Golshifteh Farahani.

Alors que les jeunes de son âge rêvent d’aller de l’autre côté de la Méditerranée, Manele Labidi a choisi de faire le voyage à l’inverse et de renouer avec ses racines pour mieux comprendre cette société qu’elle avait quittée alors qu’elle était encore enfant.

‘‘Un divan à Tunis’’, qui avait décroché le prix du public à la dernière Mostra de Venise, est un film léger et plein d’humour. Bien qu’il soit porté par une belle esthétique et une tête d’affiche remarquable, il se distingue surtout son un scénario fluide intelligemment écrit qui avait d’ailleurs bénéficié de l’aide du prix Sopadin pour les films au stade d’écriture.

Hafsia Herzi excelle devant et derrière la caméra

Un deuxième film complètement différent n’est pas non plus passé inaperçu cette année, c’est ‘‘Tu mérites un amour’’ de Hafsia Herzi, que l’on a connue comme actrice et qui a décidé de passer de l’autre côté de la caméra avec ce premier long-métrage qu’elle a écrit, réalisé, produit et interprété.
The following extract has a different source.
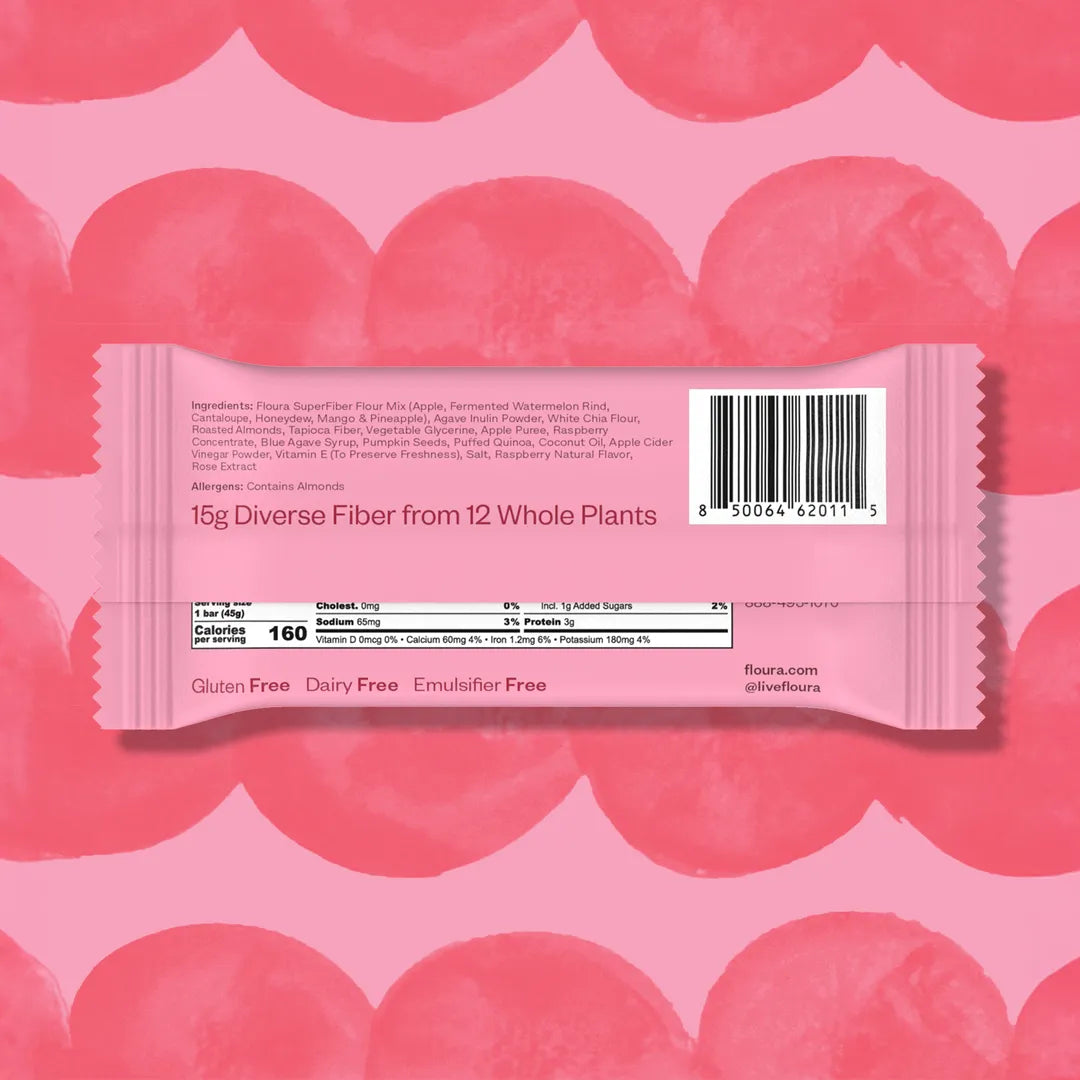 Raspberry Rose Fiber Snack Bar by Floura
‘‘Tu mérites un amour’’ qui a fait partie de La Semaine de la Critique à Cannes, raconte la douleur d’une séparation amoureuse d’une jeune femme «Lyda», qui, après un an de relation, découvre que son petit ami la trompe. «Lyda» personnage principal du film est interprété par Hafsia Herzi qui exploite à travers cette histoire le deuil amoureux, la remise en question après une rupture, le désir féminin, la quête de l’amour, la liberté sexuelle…
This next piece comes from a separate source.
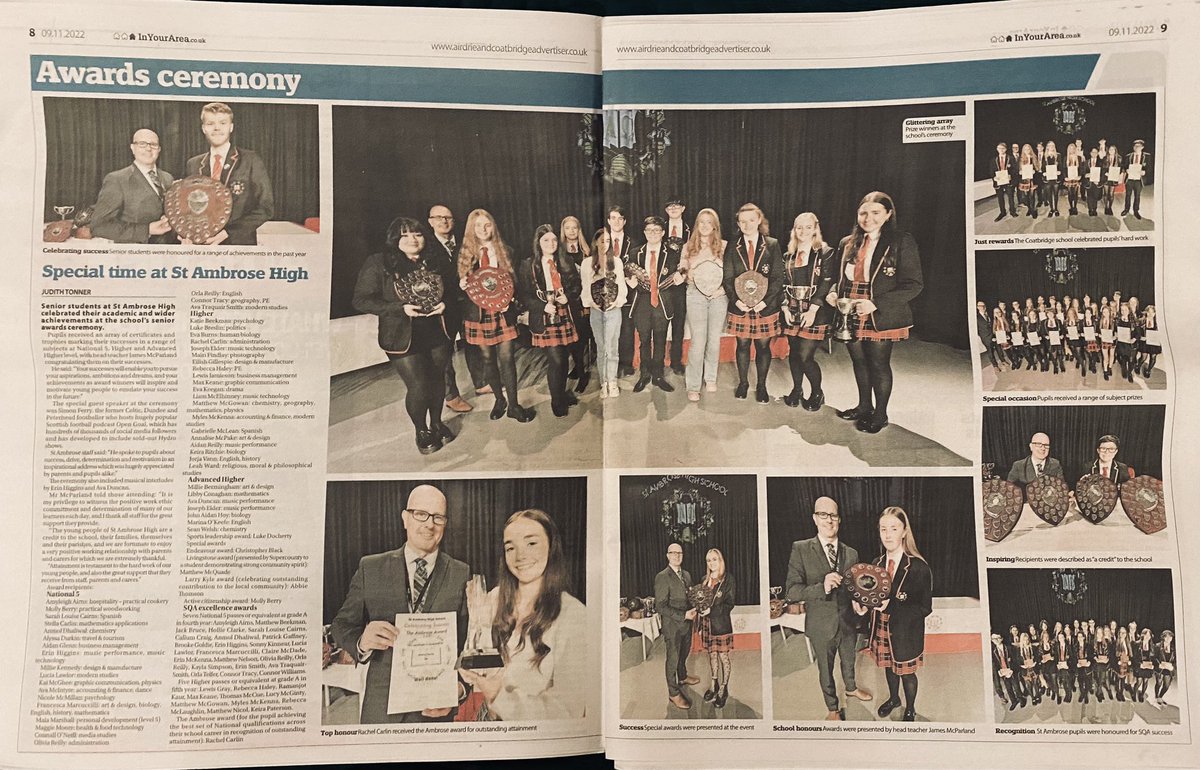 Celebrating Success in this weeks Coatbridge and Airdrie advertiser! Well done 👏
Hafsia Herzi bien formée à l’école d’Abdellatif Kechiche.

Un film très féminin et à fleur de peau, fortement marqué par les codes esthétiques et narratifs du cinéaste franco-tunisien Abdellatif Kechiche, qui avait révélé la jeune actrice au grand public grâce au premier rôle qu’il lui avait offert dans ‘‘La graine et le mulet’’ en 2007 et qui lui avait valu le César du meilleur espoir féminin. Depuis, Hafsia Herzi est devenue une habituée et une élève de l’école Kéchichienne, ayant d’ailleurs joué cette année dans le dernier opus du maître ‘‘Mektoub my love’’, le film qui a fait scandale au Festival de Cannes pour les nombreuses scènes érotiques, voire pornographiques qu’il contient.
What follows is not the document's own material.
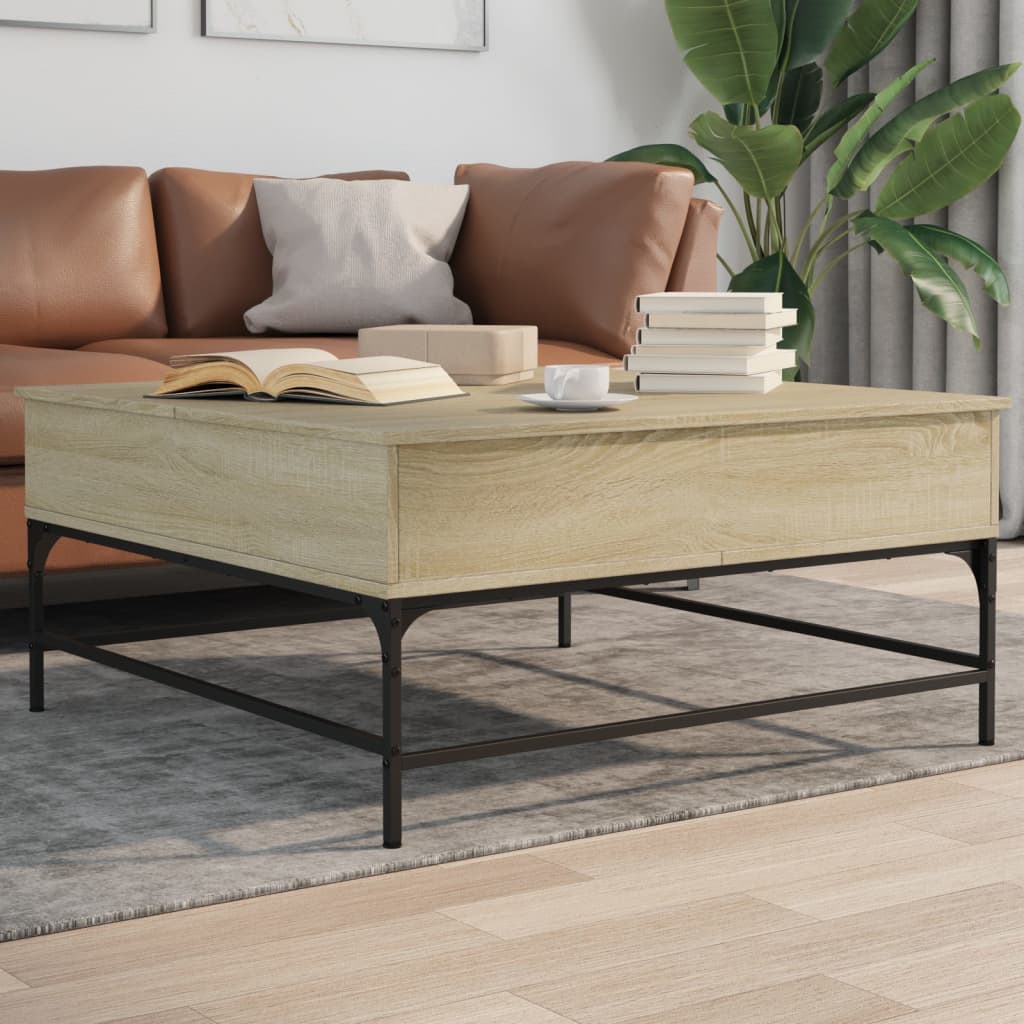 Soffbord Sonoma Ek 95x95x45 cm järn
Mais Hafsia Herzi a aussi beaucoup fait parler d’elle cette année dans une autre affaire tout aussi scandaleuse. La jeune actrice et réalisatrice a été jugée devant le Tribunal de Paris pour injures à caractère racial contre un chauffeur de VTC.

‘‘Tu mérites un amour’’ illustre le courage d’une jeune génération de cinéastes qui se lancent dans une première expérience de réalisation avec très peu ou presque pas de moyens. Hafsia Herzi dit avoir financé le film avec seulement 1000 euros, grâce notamment à des acteurs bénévoles et surtout une volonté de fer.

Le résultat est là, un film émouvant, sincère et sans artifices, qui se conclut avec un très beau poème écrit par la peintre mexicaine Frida Kahlo, portant le même nom du film et qui a clairement inspiré Herzi dans l’écriture de son premier opus. «(…) Tu mérites un amour qui t’écoute quand tu chantes, qui te soutiens lorsque tu es ridicule, qui respecte ta liberté, qui t’accompagne dans ton vol, qui n’a pas peur de tomber (…)»

Après avoir été longtemps dominé par les hommes, le cinéma du sud s’est remarquablement féminisé ces dernières années. Et cette 30e édition des JCC illustre parfaitement cette dynamique féminine avec des réalisatrices qui donnent la parole aux femmes pour qu’elles puissent enfin parler d’elles-mêmes. ‘‘Adam’’ de Maryam Touzani, ‘‘Papicha’’ de Mounia Meddour, ‘‘Noura rêve’’ de Hinde Boujemaa, ‘‘Un divan à Tunis’’ de Manel Abidi, ‘‘Tu mérites un amour’’ de Hafsia Herzi… sont des beaux films parmi tant d’autres qui prouvent que le cinéma féminin n’est pas en reste, loin de là, il vient offrir une autre vision plurielle et juste du monde en général et des femmes en particulier.